İsrail’in Suriye’deki hedeflere yönelik saldırılarının bölgedeki gerilimi tırmandırdığı bir dönemde, Suriye Devlet Başkanı Ahmet eş-Şara’nın Türkiye’ye yapacağı beklenen ziyaret, diplomasi çevrelerinin gündemine oturdu. Ankara ile Şam arasındaki ilişkilerin normalleşme sürecinde kritik bir adım olarak görülen bu ziyaret, yalnızca ikili meseleleri değil, bölgesel güvenlik, ekonomik iş birliği ve terörle mücadele gibi karmaşık başlıkları da masaya taşıyacak.
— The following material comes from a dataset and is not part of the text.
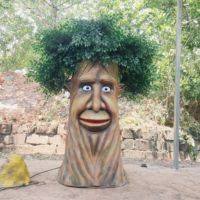 Parc d'attractions drôle Artificial Animatronic Lifelike Talking Tree à vendre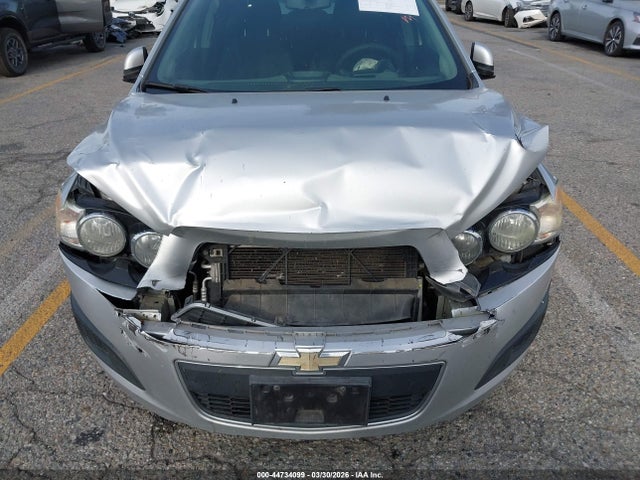 1G1JC5SH4G4136350 Chevrolet Sonic Lt Auto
İsrail’in Gölgesinde Askeri İş Birliği
Son dönemde İsrail’in Suriye’deki askeri hedeflere yönelik saldırıları, Türkiye’nin bölgedeki varlığını da dolaylı olarak ilgilendiriyor. Özellikle Hama Askeri Havalimanı ve Humus’taki T4 üssü gibi noktaların İsrail tarafından hedef alınması, Türkiye ile Suriye arasında gündeme gelen askeri iş birliği anlaşmasının önemini artırıyor. İki ülke, daha önce Savunma Bakanlıkları düzeyinde gerçekleşen 3+3 formatlı görüşmelerde, sınır güvenliği ve terörle mücadele konularında ortak adımlar atılmasını ele almıştı. Yeni ziyaretle birlikte, bu anlaşmanın detaylarının netleşmesi ve Türkiye’nin Suriye’deki operasyonel kabiliyetini güçlendirecek yeni üslerin kurulmasına dair somut adımlar bekleniyor.
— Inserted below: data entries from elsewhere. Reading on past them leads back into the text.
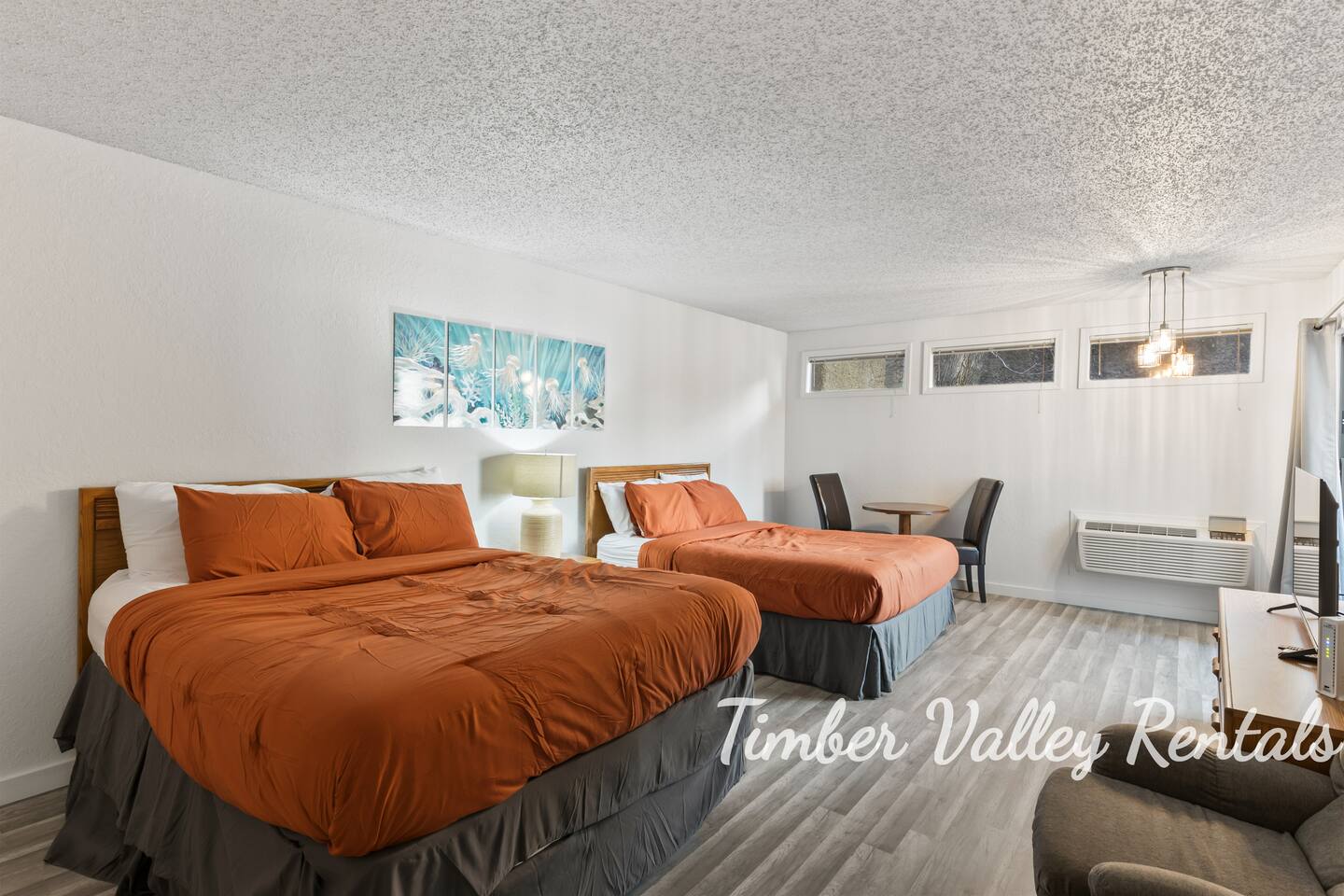 Lakefront Treat - Private Suite, TV, Dining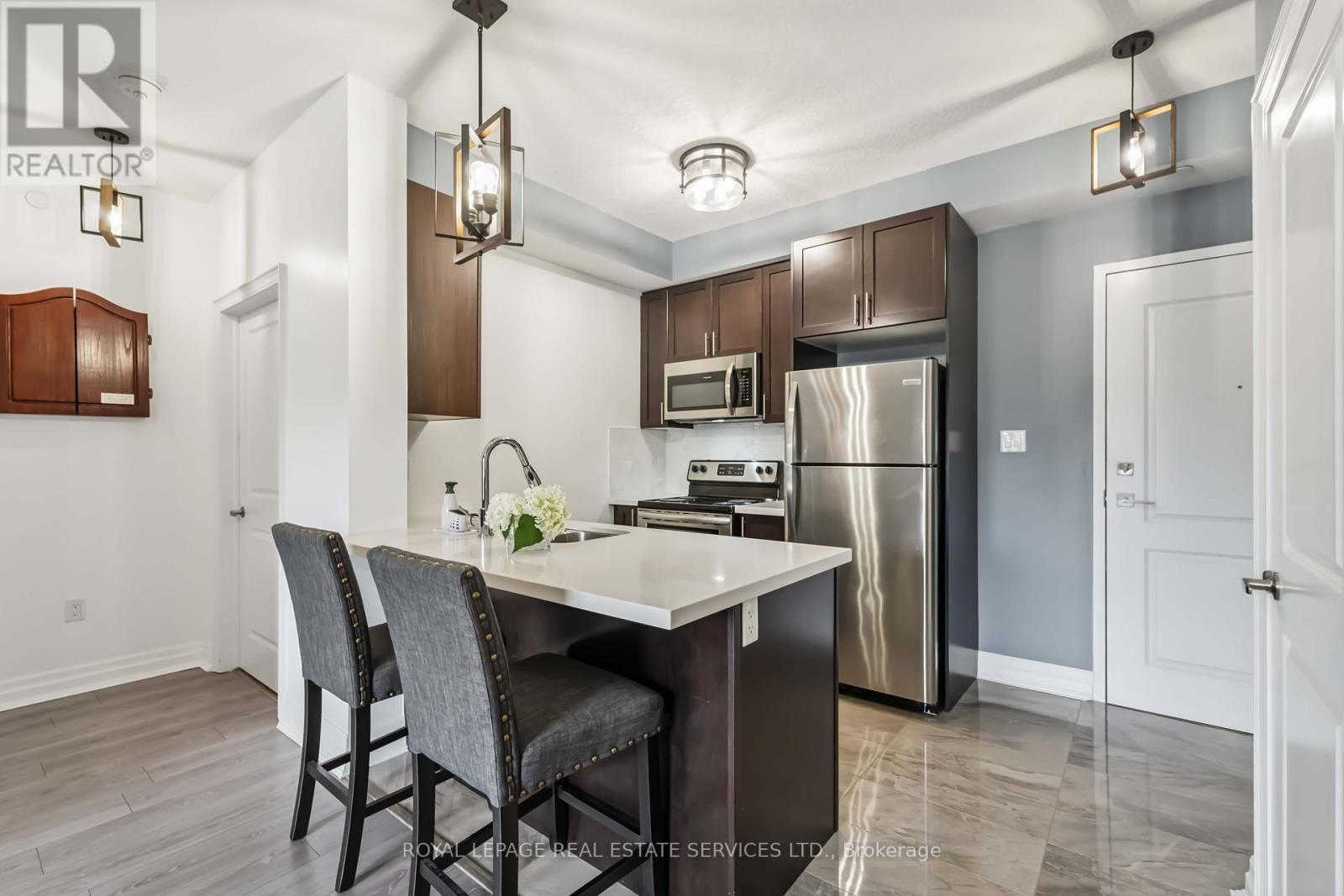 












216 - 101 SHOREVIEW PLACE

,
Hamilton,




Ontario
L8E0K2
Ekonomik Yaptırımlar ve Suriye’nin Çöküşü
Suriye’nin 14 yıllık savaş sonrası çöken ekonomisi, Ahmet eş-Şara yönetimi için en büyük handikap olmaya devam ediyor. Uluslararası yaptırımların hafifletilmesi, Şam’ın Türkiye’ye yaklaşımında kritik bir motivasyon kaynağı. Cumhurbaşkanı Erdoğan ve Dışişleri Bakanı Hakan Fidan’ın uluslararası platformlarda yaptırımların kaldırılması yönünde verdiği mesajlar, bu ziyarette de gündeme gelecek. Türkiye’nin, Suriye’nin yeniden inşası sürecinde oynayabileceği rol ve ticari ilişkilerin canlandırılması, iki ülke için de “kazan-kazan” senaryosu olarak değerlendiriliyor.
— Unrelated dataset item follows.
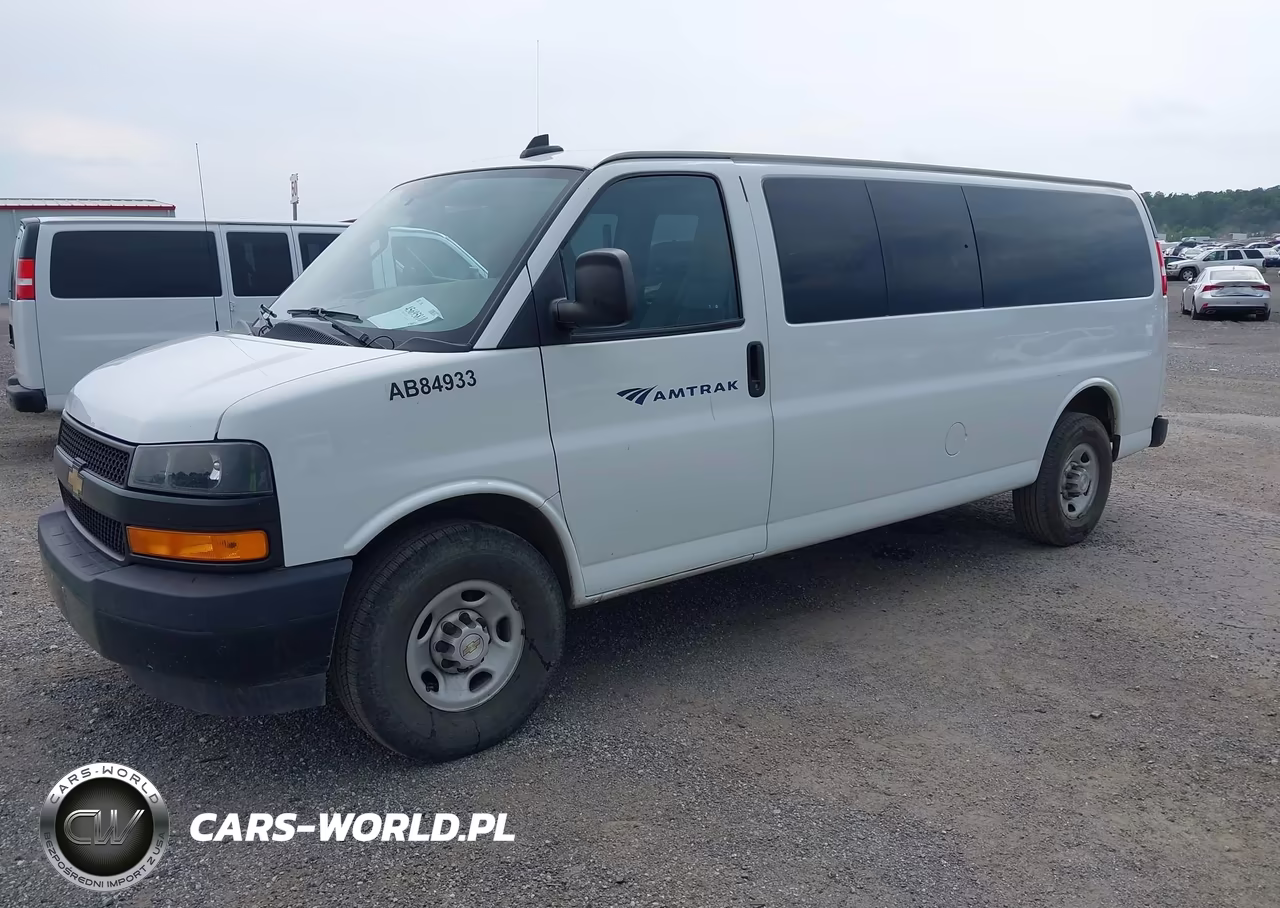 2022 Chevrolet Express Passenger Rwd 3500 Extended Wheelbase Ls VIN:1GAZGNFP9N1140353 - 2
YPG/PKK Gerilimi: Ankara’nın Kırmızı Çizgisi
Türkiye için en hayati konulardan biri ise Suriye’deki YPG/PKK varlığı. Suriye Demokratik Güçleri (SDG) ile Şam yönetimi arasında imzalanan anlaşmaya rağmen, terör örgütünün bölgedeki faaliyetlerinin devam etmesi Ankara’yı rahatsız ediyor. Türkiye, bu ziyarette özellikle PKK’ya verilen desteğin kesilmesi ve sınır güvenliğinin sağlanması konusunda somut taahhütler talep edecek. Geçmişte Adana Mutabakatı ile elde edilen kazanımların yeni bir anlaşmayla güçlendirilmesi hedefleniyor.
Antalya Diplomasi Forumu: Görüşmeler için Alternatif Sahne
11-13 Nisan tarihlerinde düzenlenecek Antalya Diplomasi Forumu, iki liderin buluşması için alternatif bir zemin olabilir. 20’ye yakın ülke liderinin katılacağı forum, Türkiye’nin bölgesel diplomasideki etkin rolünü vurgularken, eş-Şara-Erdoğan görüşmesine de ev sahipliği yapabilir. Ancak Ankara’nın henüz resmi bir açıklama yapmamış olması, Suriye tarafının ise ziyareti teyit etmesi, diplomasinin “sessiz” ilerleyen taraflarını gözler önüne seriyor.
Sonuç: Riskler ve Fırsatlar Arasında Denge
Bu ziyaret, Türkiye’nin Suriye politikasında bir dönüm noktası olabilir. Bir yanda terörle mücadele ve sınır güvenliği, diğer yanda ekonomik iş birliği ve yaptırımların hafifletilmesi gibi dengelerin gözetilmesi gerekiyor. İsrail’in saldırılarının bölgede yarattığı belirsizlik ise Ankara’nın askeri hamlelerini daha da kritik hale getiriyor. Tüm bu dinamikler ışığında, Ahmet eş-Şara’nın Ankara (veya Antalya) ziyareti, yalnızca iki ülke ilişkilerini değil, Ortadoğu’nun gelecek senaryolarını da şekillendirecek bir kapı aralayabilir.